## [Brief]
From the line with "CroBlissful 2 Pcs" to the end of the data below, restate each line word for word, both ends included, without the pictures.
*** Information provided
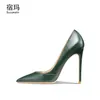 Famous brand 2022New Green Splicing Women Pointed Toe Pumps Genuine Leather Dress High Heels Wedding Fashion Elegant Office Shoes Designer Classic luxury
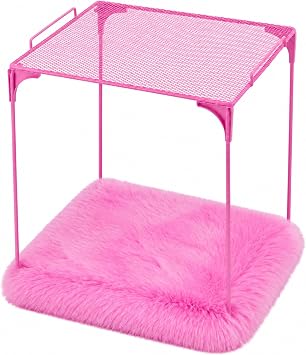 CroBlissful 2 Pcs Locker Organizer Shelf and Carpet Decorating Metal Mesh Locker Accessories Square Fur Rug for School Office Gym Organization Back to School EssentialsRose Red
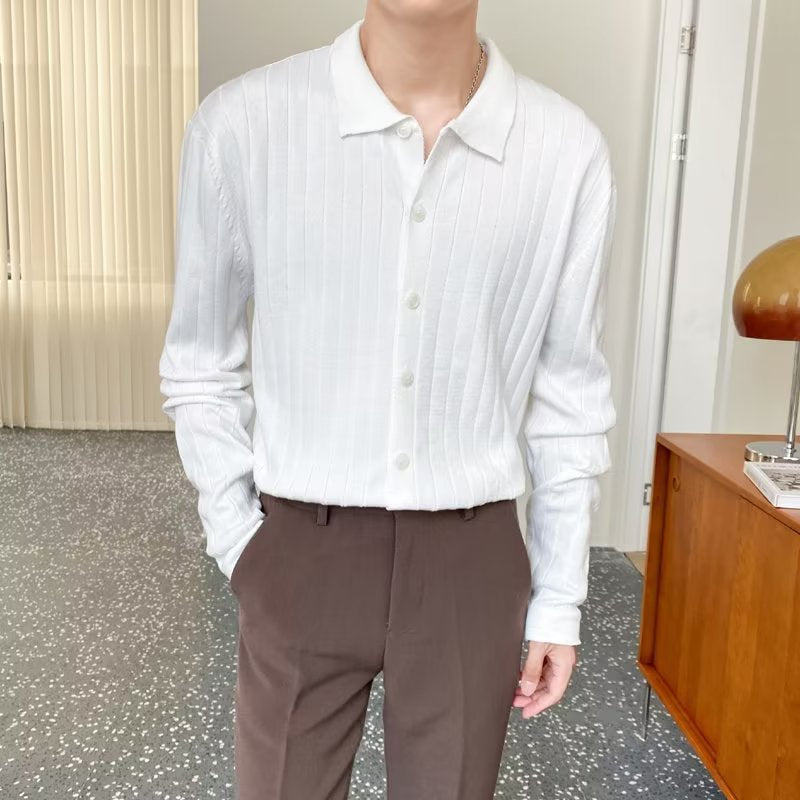 Herren Elegantes Langarm-Polohemd mit Struktur Drune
******
## [Reply to the task]
 CroBlissful 2 Pcs Locker Organizer Shelf and Carpet Decorating Metal Mesh Locker Accessories Square Fur Rug for School Office Gym Organization Back to School EssentialsRose Red
 Herren Elegantes Langarm-Polohemd mit Struktur Drune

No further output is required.